■ **SUPPLIED MATERIAL**

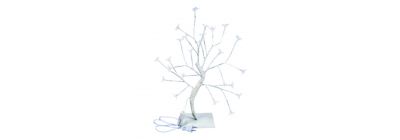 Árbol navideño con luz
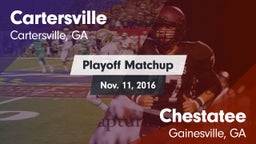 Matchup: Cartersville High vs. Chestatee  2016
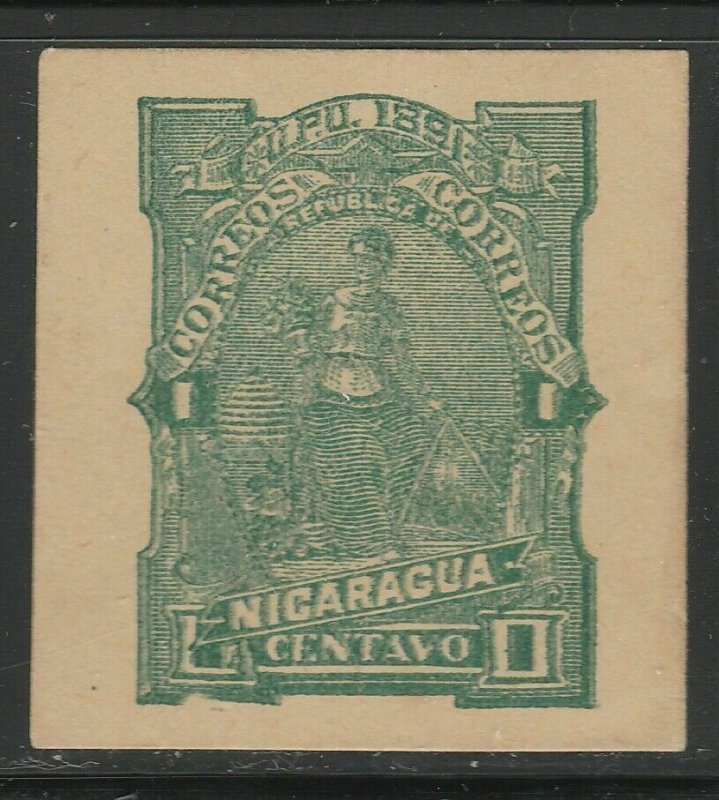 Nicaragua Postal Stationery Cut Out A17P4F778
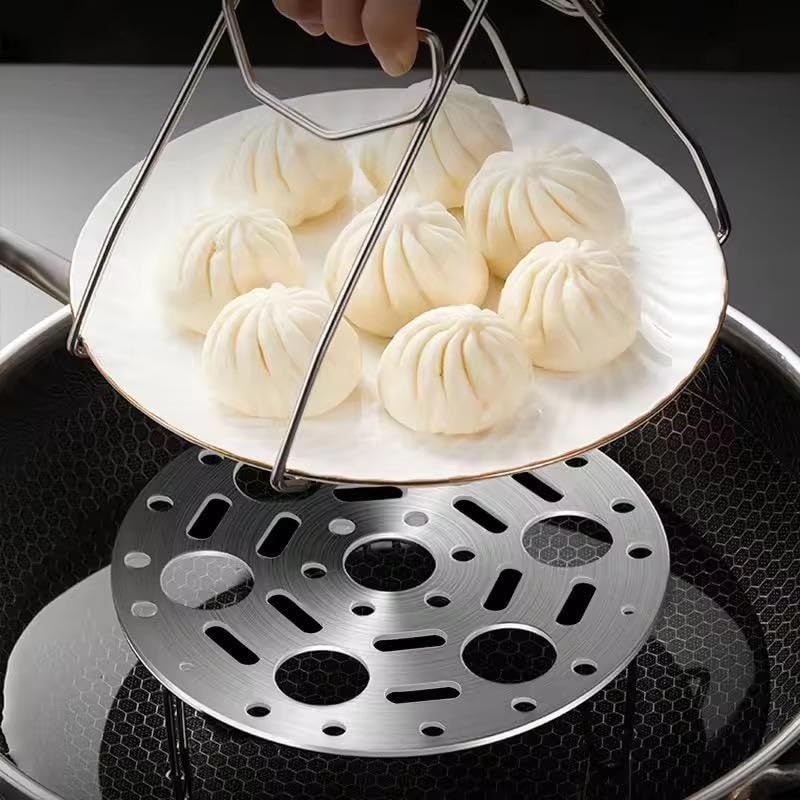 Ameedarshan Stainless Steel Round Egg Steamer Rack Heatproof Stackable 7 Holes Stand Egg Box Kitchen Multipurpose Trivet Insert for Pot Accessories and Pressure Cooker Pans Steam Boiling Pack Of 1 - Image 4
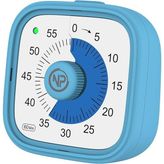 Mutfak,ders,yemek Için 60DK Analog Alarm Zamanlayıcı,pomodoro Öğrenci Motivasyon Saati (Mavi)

---

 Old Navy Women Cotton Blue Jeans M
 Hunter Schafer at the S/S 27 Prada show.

■ **TASK BRIEF**
Leaving out all pictures, set down exactly the lines of the material above, from the line with "Árbol navideño con luz" to the line with "Mutfak,ders,yemek Için 60DK" inclusive, and no others.

■ **TASK RESPONSE**
 Árbol navideño con luz
 Matchup: Cartersville High vs. Chestatee  2016
 Nicaragua Postal Stationery Cut Out A17P4F778
 Ameedarshan Stainless Steel Round Egg Steamer Rack Heatproof Stackable 7 Holes Stand Egg Box Kitchen Multipurpose Trivet Insert for Pot Accessories and Pressure Cooker Pans Steam Boiling Pack Of 1 - Image 4
 Mutfak,ders,yemek Için 60DK Analog Alarm Zamanlayıcı,pomodoro Öğrenci Motivasyon Saati (Mavi)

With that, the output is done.